Despite the lack of resources, the makeshift training facilities in many cases, Greece did everyone proud at this year’s Rio Olympics, proving once again, that despite its small population it punches above its weight, coming first in the world in three sports, and ranking 26th in the world out of 207 participating nations.

It’s no small feat when you consider the financial crisis and despair that took hold of the country several years after a very successful Athens Olympics. Of course, money and resources are not always enough to discourage success as many athletes from poorer countries have demonstrated, but Greek athletes had another challenge only few countries faced: the state of the national psyche, one that was depleted of hope and the strength to dream.

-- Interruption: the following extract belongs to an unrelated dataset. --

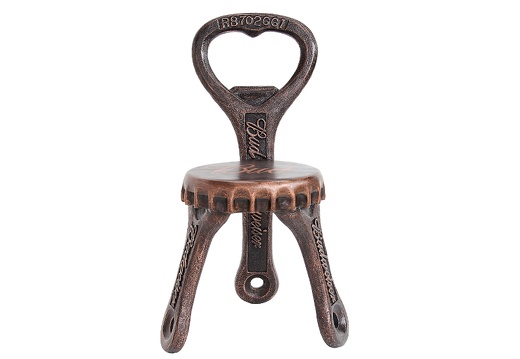 JBTH317 VINTAGE BRONZE EFFECT BUDWEISER BOTTLE OPENER CHAIR ALL BEER NAMES AVAILABLE 2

A national psyche that was more depressed than the economy itself, haemorrhaging hope because of the staggering unemployment and suicide rates, humiliated because once proud and self-sufficient families were lining up to beg for food or told they can’t access their hard earned money because of banking restrictions.

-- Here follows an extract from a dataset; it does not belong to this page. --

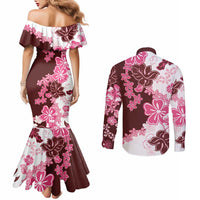 Pink Hibiscus Plumeria Floral Couples Matching Mermaid Dress and Long Sleeve Button Shirt - Polynesian Pride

This was the environment that Greek athletes lived through, trained through, fought through, in addition to the physical and mental challenges of their respective training regimes.

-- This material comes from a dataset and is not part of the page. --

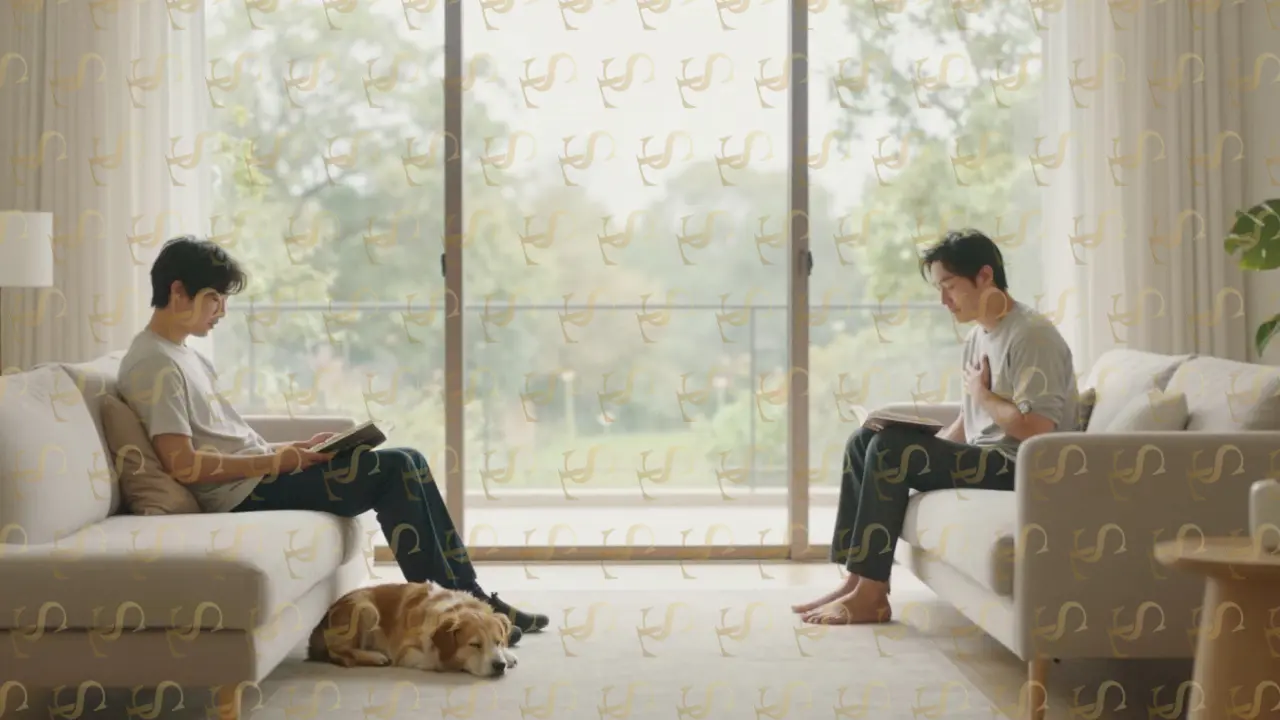 A man at peace on a couch, listening to a companion read aloud in a sunlit, tranquil room.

Greece once again, as in its own 2004 Olympics, shut the mouths of doomsayers, like Goldman Sachs who in their July 2016 Olympics and Economics Report predicted Greece will fail miserably, possibly not even winning a medal. But Greek athletes defied them.

In the 2004 Athens Olympics Greece ranked 15th in the world with 426 participating athletes and 16 medals. In Rio, they had only 95 athletes, but with 12 of them among the worlds top eight.

Greece and many other countries with smaller populations and resources, prove time and time again you need heart and strength of spirit as well to participate and be an Olympian.